The Crunchyroll digital chapters and the Kodansha Comics USA collected volumes are not identical. The same person translated both versions. However, the Kodansha Comics version features some slightly altered dialogue. For instance, the teacher says, “Now I’m going to start class.” in Crunchyroll’s version, but this is change to, “Time to start class.” in the compiled volumes. An “oh” may be changed to “whoa”, etc.
However, the two vary in two significant ways. Firstly, the Crunchyroll version uses honorifics; Kodansha Comics’ version does not. It’s strange that A Silent Voice wouldn’t use honorifics and yet a series like The Seven Deadly Sins keeps them in both the simul-pubs and collected volumes. (Heck, The Seven Deadly Sins hardly fixes the simul-pub errors in the volumes.) Anyways, the printed version of A Silent Voice actually goes a step further and changes almost all characters’ use of surnames to first names. I’m guessing they wanted to Americanize A Silent Voice for a wider audience. It’s one thing to drop honorifics, but I really don’t like when “Nishimiya” is changed to “Shoko”, etc.

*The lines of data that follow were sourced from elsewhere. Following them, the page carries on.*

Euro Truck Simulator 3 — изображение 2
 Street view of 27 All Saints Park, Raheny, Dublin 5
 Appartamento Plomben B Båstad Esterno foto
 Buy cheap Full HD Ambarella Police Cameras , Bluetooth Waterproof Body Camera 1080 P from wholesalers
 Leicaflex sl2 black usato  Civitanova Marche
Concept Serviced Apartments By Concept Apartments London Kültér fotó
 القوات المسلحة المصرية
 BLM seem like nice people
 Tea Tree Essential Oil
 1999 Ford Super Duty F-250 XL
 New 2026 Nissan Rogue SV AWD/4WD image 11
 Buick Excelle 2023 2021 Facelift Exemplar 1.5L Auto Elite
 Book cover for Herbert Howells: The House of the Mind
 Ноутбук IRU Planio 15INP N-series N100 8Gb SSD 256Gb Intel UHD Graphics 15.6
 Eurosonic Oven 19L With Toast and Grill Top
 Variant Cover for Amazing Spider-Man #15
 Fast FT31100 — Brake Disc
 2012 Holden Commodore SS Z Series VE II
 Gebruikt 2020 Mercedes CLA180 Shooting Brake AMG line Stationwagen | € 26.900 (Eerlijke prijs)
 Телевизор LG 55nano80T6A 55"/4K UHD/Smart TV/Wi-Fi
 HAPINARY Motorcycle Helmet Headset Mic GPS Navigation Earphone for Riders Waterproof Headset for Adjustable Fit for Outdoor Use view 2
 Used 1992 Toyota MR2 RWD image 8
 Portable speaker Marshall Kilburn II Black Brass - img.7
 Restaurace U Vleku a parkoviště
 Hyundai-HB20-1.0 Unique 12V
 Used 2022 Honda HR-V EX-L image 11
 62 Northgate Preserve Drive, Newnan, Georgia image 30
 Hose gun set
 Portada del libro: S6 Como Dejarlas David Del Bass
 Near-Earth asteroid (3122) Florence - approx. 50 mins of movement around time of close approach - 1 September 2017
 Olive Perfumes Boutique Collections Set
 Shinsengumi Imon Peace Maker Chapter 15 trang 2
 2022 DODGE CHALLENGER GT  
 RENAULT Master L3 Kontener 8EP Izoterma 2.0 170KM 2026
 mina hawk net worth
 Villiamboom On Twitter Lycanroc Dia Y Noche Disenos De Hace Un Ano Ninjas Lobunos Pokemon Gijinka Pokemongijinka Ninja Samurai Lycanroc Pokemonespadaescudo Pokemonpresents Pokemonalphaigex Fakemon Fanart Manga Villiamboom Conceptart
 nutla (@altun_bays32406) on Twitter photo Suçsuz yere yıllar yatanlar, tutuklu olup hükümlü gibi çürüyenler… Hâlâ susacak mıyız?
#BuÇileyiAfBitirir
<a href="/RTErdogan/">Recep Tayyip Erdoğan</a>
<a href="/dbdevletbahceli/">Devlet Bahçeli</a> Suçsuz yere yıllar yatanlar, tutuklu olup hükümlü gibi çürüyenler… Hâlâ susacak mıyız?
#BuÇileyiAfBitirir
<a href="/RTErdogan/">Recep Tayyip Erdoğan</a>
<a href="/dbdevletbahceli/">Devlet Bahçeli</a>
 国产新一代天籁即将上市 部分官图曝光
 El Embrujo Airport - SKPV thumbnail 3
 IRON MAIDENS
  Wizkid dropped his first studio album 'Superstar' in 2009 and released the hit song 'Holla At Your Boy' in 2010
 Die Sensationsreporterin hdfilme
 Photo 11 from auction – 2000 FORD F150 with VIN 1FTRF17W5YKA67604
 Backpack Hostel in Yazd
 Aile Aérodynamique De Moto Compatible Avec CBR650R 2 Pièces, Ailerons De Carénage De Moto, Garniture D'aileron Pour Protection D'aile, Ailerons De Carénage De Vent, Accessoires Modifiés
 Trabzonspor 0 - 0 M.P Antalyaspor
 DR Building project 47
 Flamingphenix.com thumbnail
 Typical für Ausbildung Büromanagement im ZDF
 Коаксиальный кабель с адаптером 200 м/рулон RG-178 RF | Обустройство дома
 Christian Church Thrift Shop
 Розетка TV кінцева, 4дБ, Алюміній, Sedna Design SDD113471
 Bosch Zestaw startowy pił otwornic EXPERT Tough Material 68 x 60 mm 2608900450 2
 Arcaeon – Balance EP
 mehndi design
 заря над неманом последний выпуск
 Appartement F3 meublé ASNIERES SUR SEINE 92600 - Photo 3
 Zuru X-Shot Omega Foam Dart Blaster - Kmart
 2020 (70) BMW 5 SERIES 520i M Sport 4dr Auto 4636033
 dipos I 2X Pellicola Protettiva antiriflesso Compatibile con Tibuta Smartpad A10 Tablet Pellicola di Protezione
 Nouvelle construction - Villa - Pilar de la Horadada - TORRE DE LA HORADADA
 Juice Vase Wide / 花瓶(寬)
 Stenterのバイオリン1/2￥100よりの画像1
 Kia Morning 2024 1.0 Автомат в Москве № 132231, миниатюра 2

In addition, Crunchyroll’s version uses the popular Wild Words font, but the collected volumes uses an all-caps font. Quite frankly, I find it ugly and not really reader-friendly. I know some other manga use this font (some of the Tokyopop CLAMP titles off the top of my head), but I didn’t like it here. Although, it could be because I had already read it in a different font. I did notice Kodansha Comics did replace text on chalkboards and stuff. Still, I’d rather have Wild Words rather than redrawn art.
Crunchyroll version on left, Kodansha Comics USA on right. Click for larger images.
The adaptation does a good job of translating parts like the “suki” / “tsuki” confusion, and it reads smoothly. Translation-wise, there’s parts I like better in each version. The loss of honorifics is a personal disappointment, but at least there’s color inserts for each volume.
Despite its flaws, the greatest strength of A Silent Voice is that it provides quite a few avenues for discussion. It’s almost a perfect book club title. The Japanese title of this series can be translated as “the shape of a voice”, and I think it’s people who will shape A Silent Voice‘s impact. Be sure to check out this award-winning work because there’s bound to be something in here that hits a little too close to home. Whether you buy it or read it as part of a Crunchyroll Premium membership will probably rest on whether you want a more American-like experience or a Japanese one… or to make a statement that more manga like this need to be made and brought over.
Oima developed the manga version of Mardock Scramble, also available from Kodansha Comics USA.
An anime film is set to be released this year.